The nginx vHost is configured for the folder public. Create an index.php file with <?php echo 'Hello World!'; if it doesn't exists. Now start the Docker containers with docker-compose up -d and open the browser at http://localhost:8080. nginx is configured with HTTP/2 and SSL. Check this with https://localhost.

Use a database data container

To avoid losing database data if you destroy the container you need a Docker data container for the database. The MariaDB Docker image has a volume /var/lib/mysql defined, so you can mount a Docker data container at this location. You don't want that the database data is available in your PHP Docker container. It's necessary to change the mounted paths of the PHP Docker data container with a list of needed folders for the webserver. This is an exercise for you.

What's about PHP debugging

With Docker you are free to switch your environment in seconds. If you want to use Xdebug, simply change the line 15 with prooph/5.6-php-fpm-xdebug and rebuild your server stack with docker-compose stop && docker-compose rm -f && docker-compose up -d. Now you can debug your application. Ensure that your IDE is listen to port 10000, becaue port 9000 is used by PHP-FPM. If you need help, please check my blog post about remote PHP debugging.

Do you need a PHP Profiler? No problem, change line 2 with prooph/nginx:zray and line 15 prooph/php:5.6-fpm-zray to use Zend Z-Ray Profiler. You have to configure the Zend Z-Ray URL. This is why the ports 10081 and 10082 are exposed in the example above. Don't know which PHP profiler you should use? Read more about PHP Profiler Z-Ray, Blackfire and Tideways.

Production best practice

There were some questions how to use PHP Docker container in production. Well, put the PHP source code into the PHP Docker image. Your logs should be logged to stdout or you use another Docker log driver. Product images or user generated content should be mounted into the container, so you can use a CDN and another Docker volume plugin driver like flocker to support more than one server.

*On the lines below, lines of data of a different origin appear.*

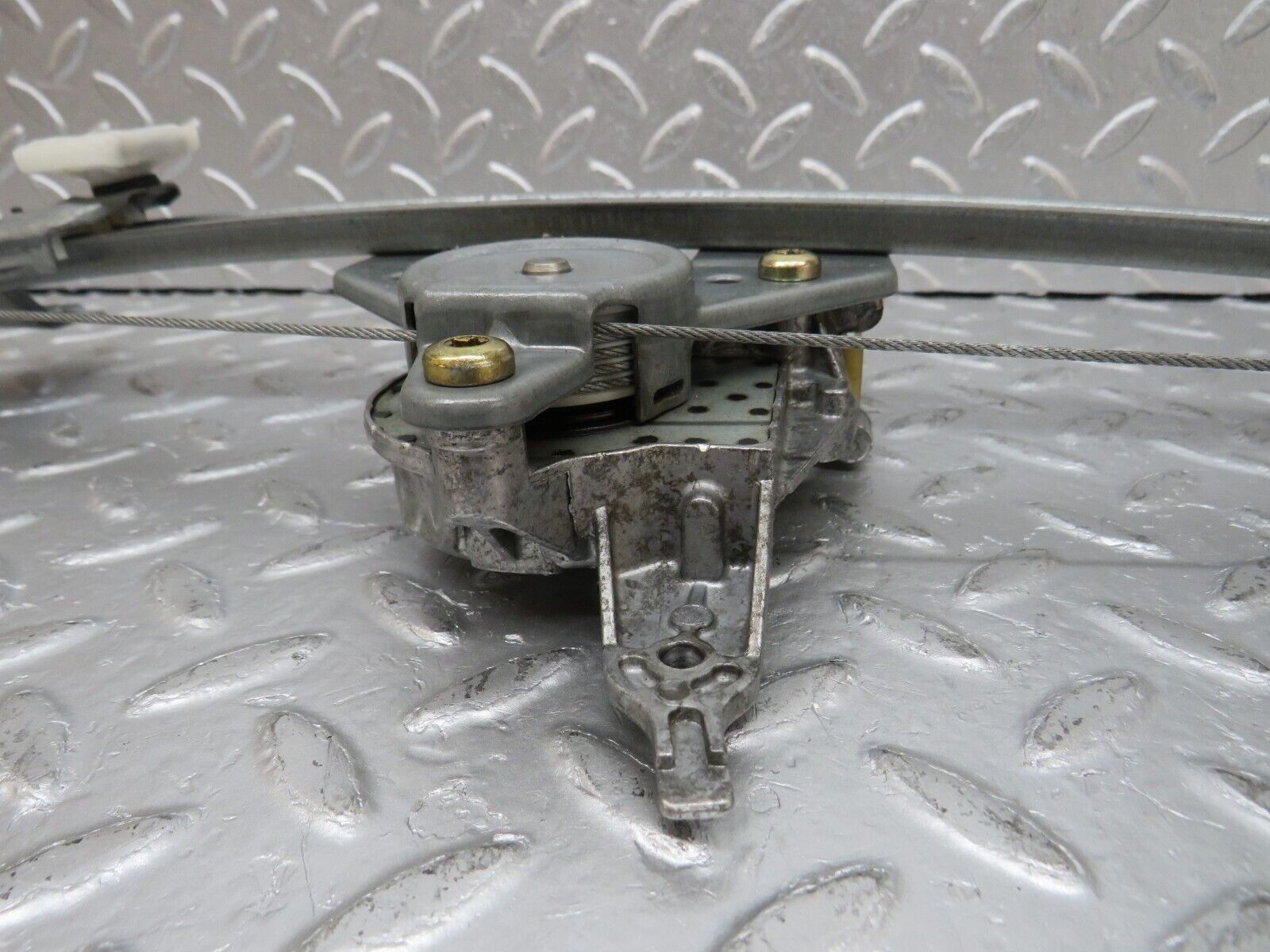 33258 Mercedes-Benz W202 C180 Rear Right Power Window Regulator 0130821636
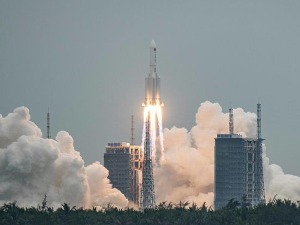 Безобзирно и неодговорно – Наса критикује Кину због неконтролисаног пада ракете тешке 20 тона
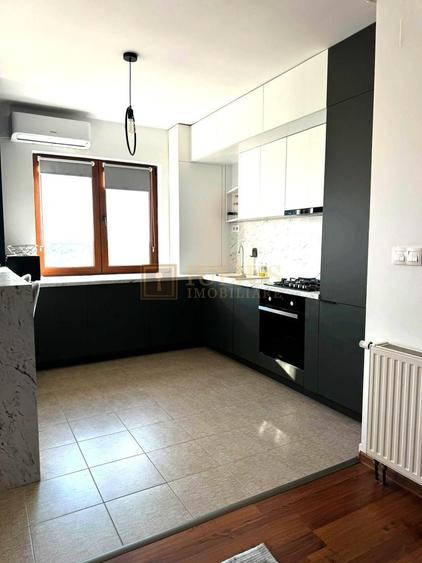 Apartament cu 3 camere decomandat, mobilat în Torontalului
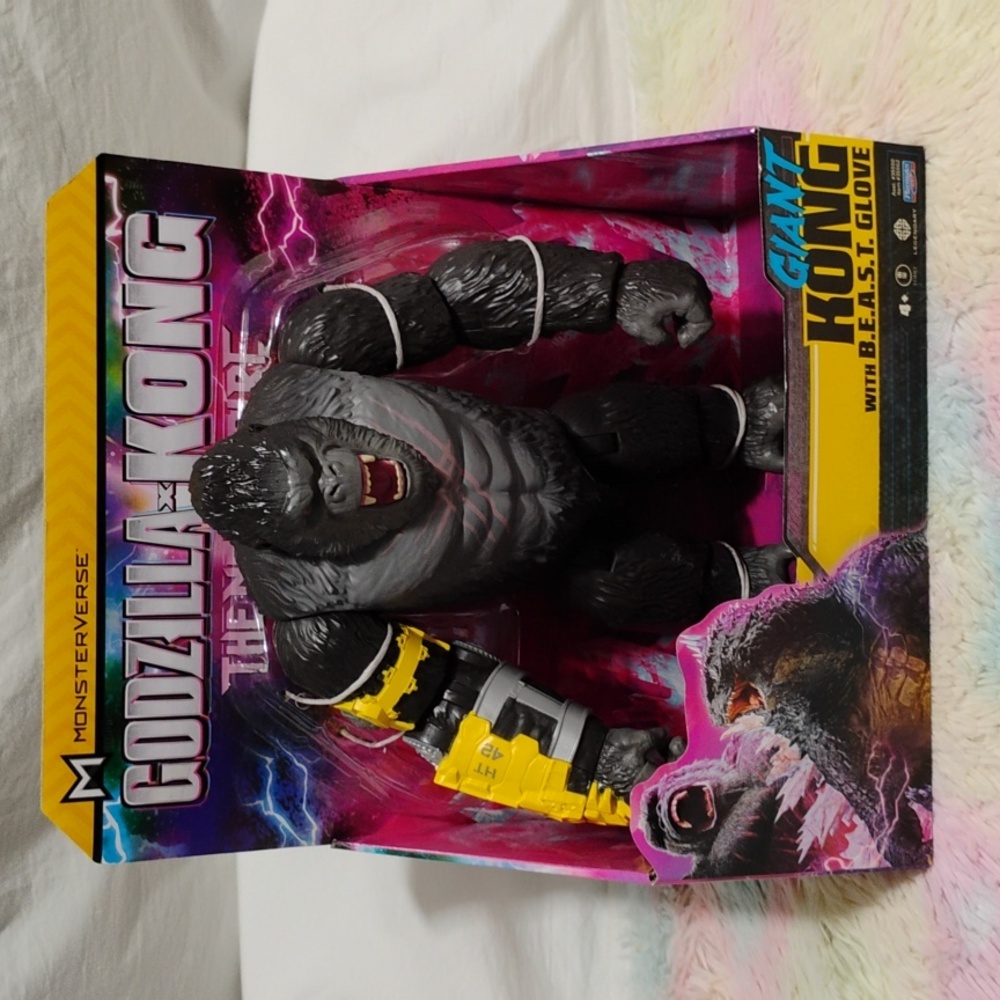 (D-19) New Godzilla x Kong The New Empire Giant Kong W Beast Glove Figure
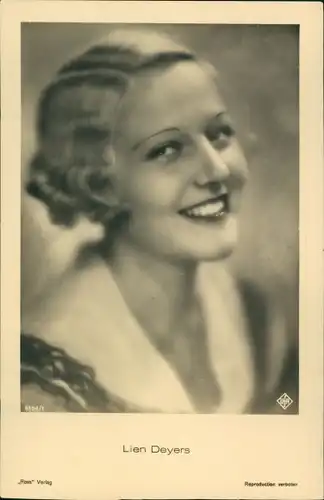 Ak Schauspielerin Lien Deyers, Portrait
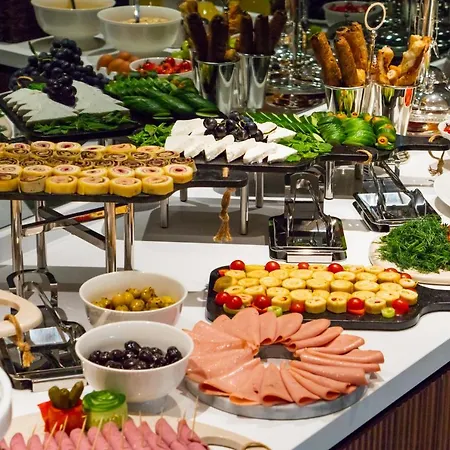 Meg 3* Стамбул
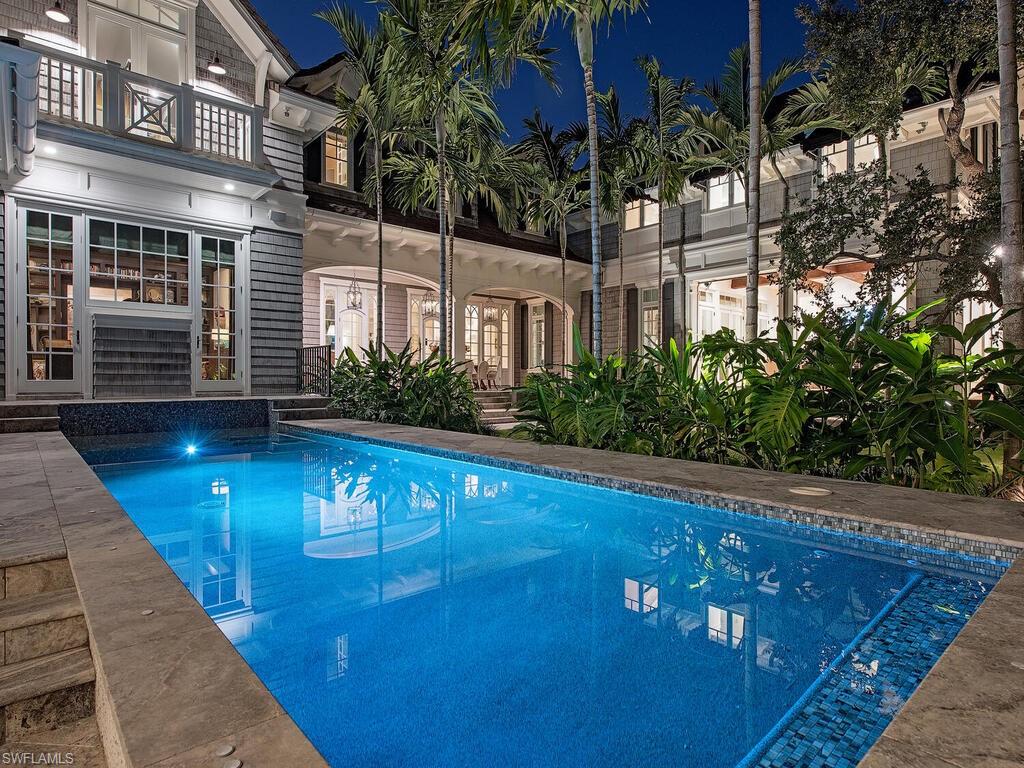 OLDE NAPLES - Residential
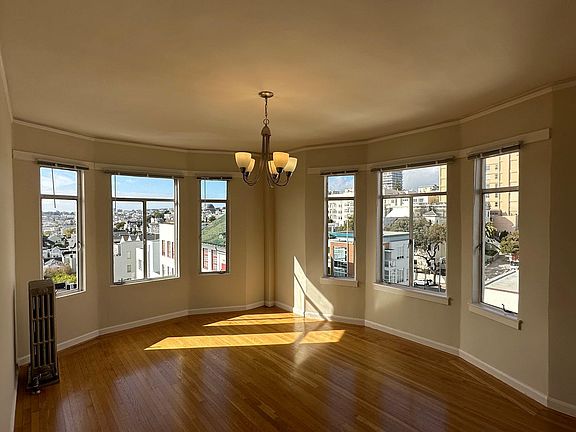 3rd image of 1700 Octavia St APT 706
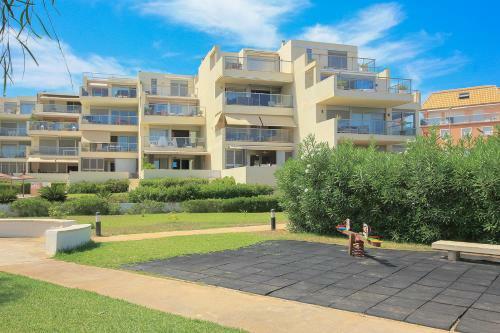 Inviting 2-bed Apartment In Denia First Beach Lin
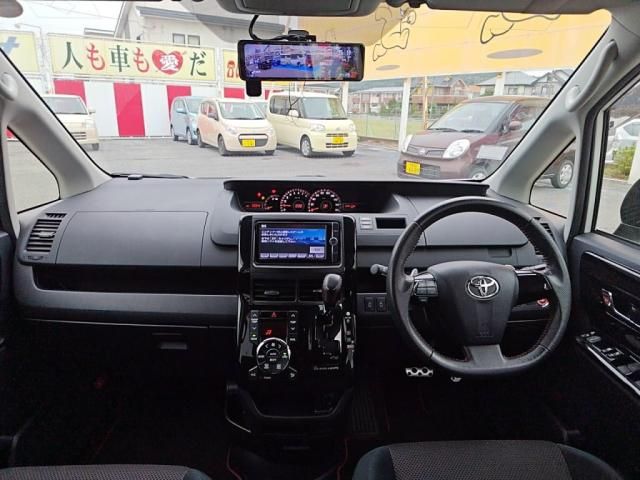 TOYOTA VOXY 2012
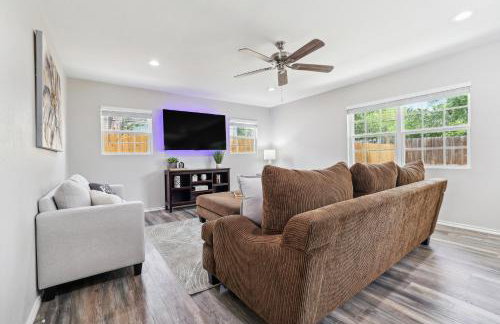 Spacious San Antonio Retreat with Private Patio! - Foto 1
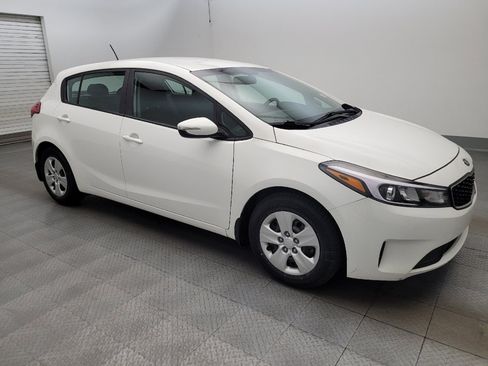 Used 2017 Kia Forte LX FWD image 11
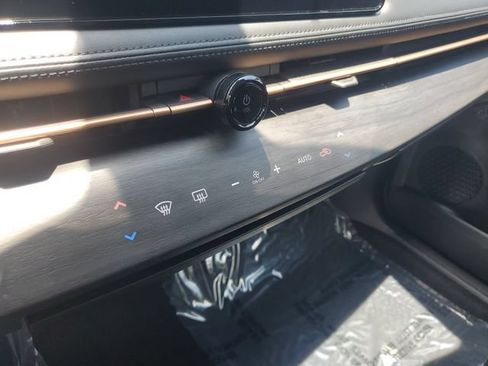 Used 2023 Nissan Ariya FWD image 25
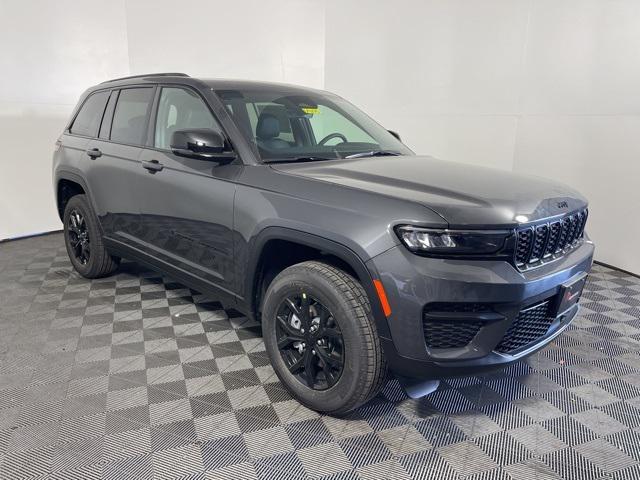 new 2025 Jeep Grand Cherokee car, priced at $43,211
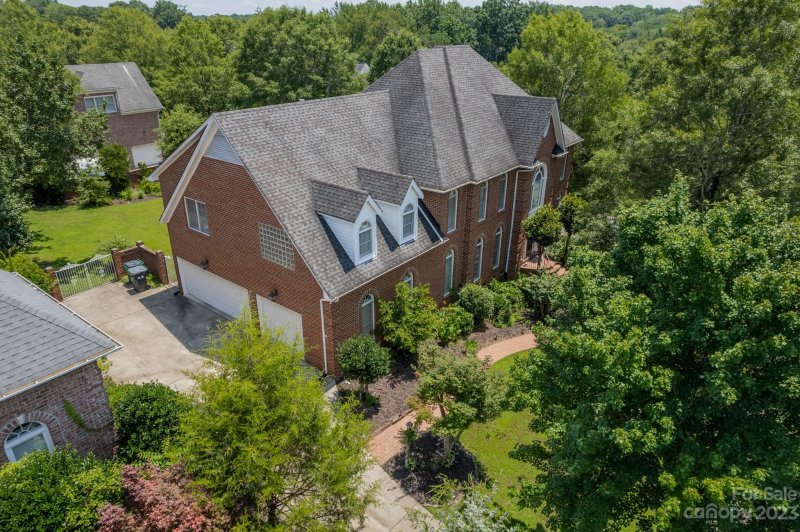 Property image 2 at 1439 Windy Ridge Road, Charlotte, NC 28270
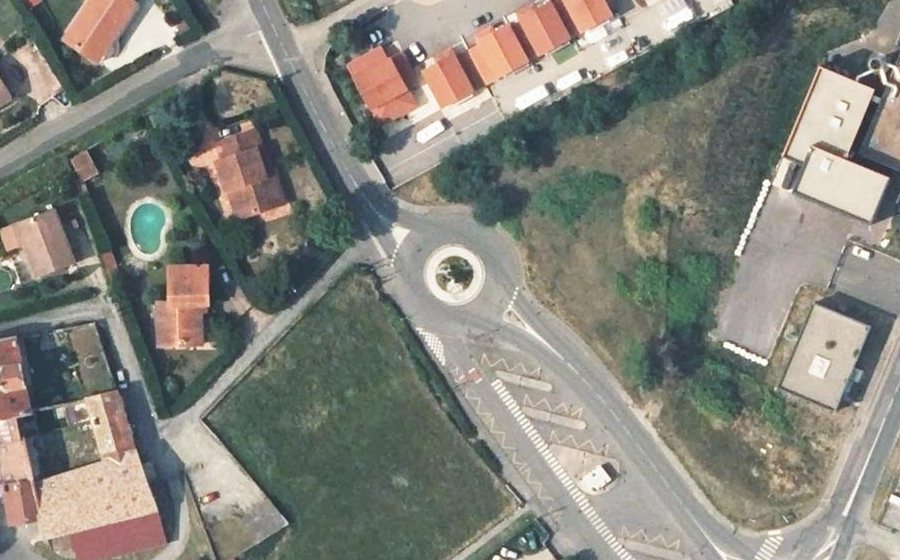 Vue aérienne du Rond-point anonyme n°138738166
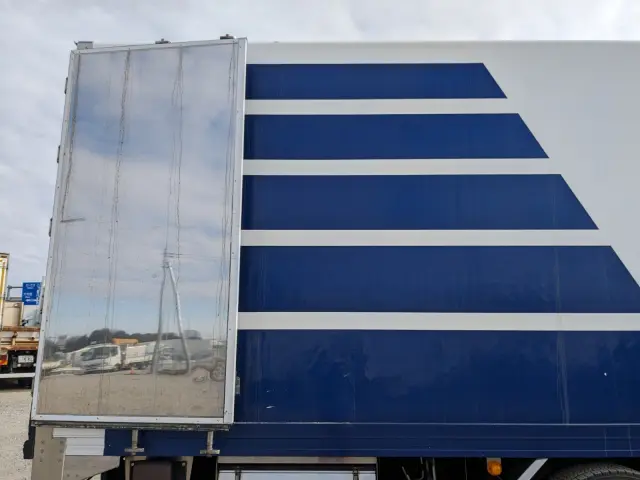 UD クオン 2PG-CD5CE(6x2)の写真31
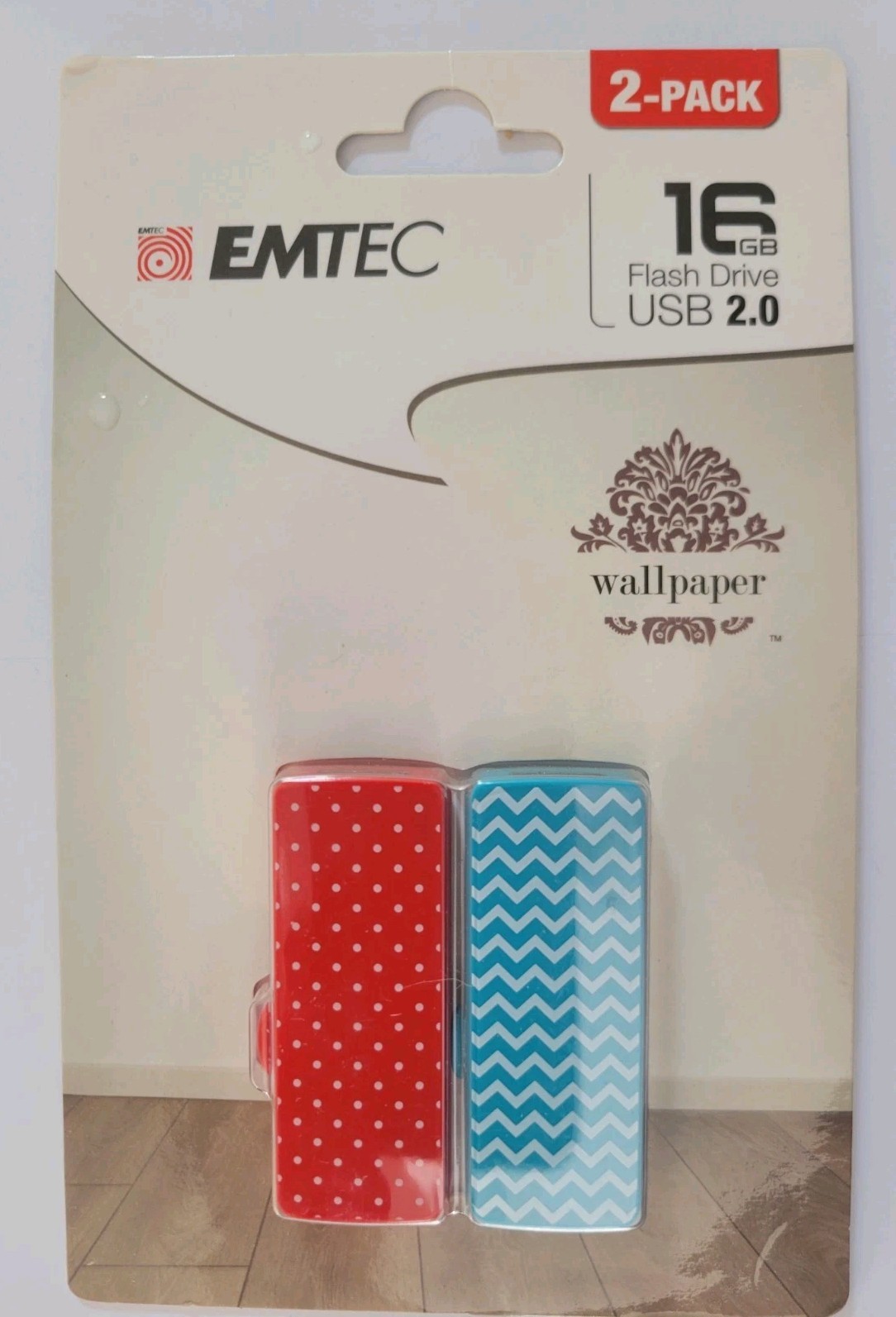 EMTEC 16GB Flash Drive USB 2.0.wallpaper. 2-PACK.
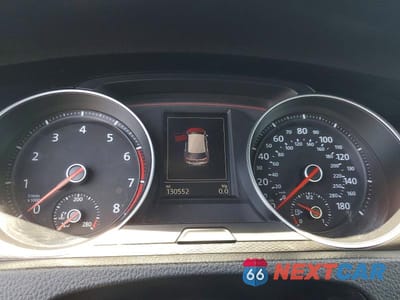 Zdjęcie 9 z 13 samochodu: 2015 VOLKSWAGEN GTI VIN:3VW4T7AU6FM102540 - miniatura
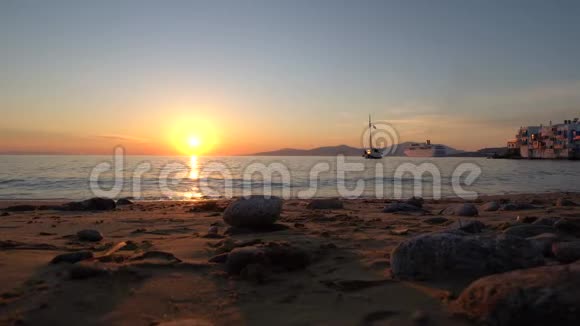 希腊米科诺斯小威尼斯美丽的日落希腊群岛的浪漫景点视频的预览图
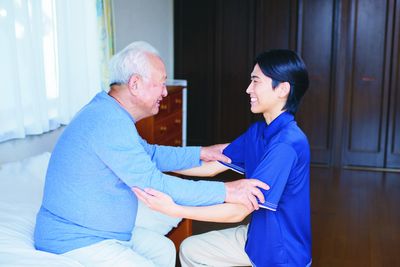 笑顔のスタッフと入居者の顔合わせ、居室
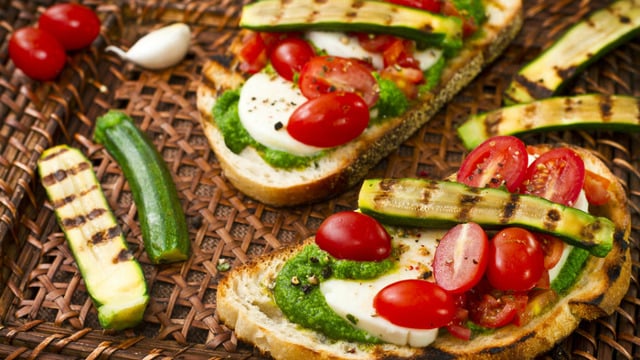 Göz Doyuran Atıştırmalık: Kabak Crostini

You don't need Ansible, Puppet or Chef. Settings like DB credentials should be defined as environment variables. This is really cool, because this image with your version of the source code runs on production, staging, testing and development without changing the configuration. No more environment checks or switches in your application.

It's easy to deploy a new version. Spin up the new container and stop the old container. Switching back to the old version is also easy. You don't have to maintenance your server host system, if you use a Docker hosting provider. Simply build a new image and ship it.

The nginx image doesn't know anything of your PHP application. The mount of the PHP data to the nginx Container in the example above is used for the application assets (CSS, JS, images). So it's easier to start, but it's not mandatory, especially when you use a CDN.

Conclusion

With Docker it's so easy to build infrastructure for development like a production environment. You can also override your production Docker images with an extended development environment where you have running a PHP profiler. And last but not least, you can check how your application works on scale with less ressources as with virtual machines.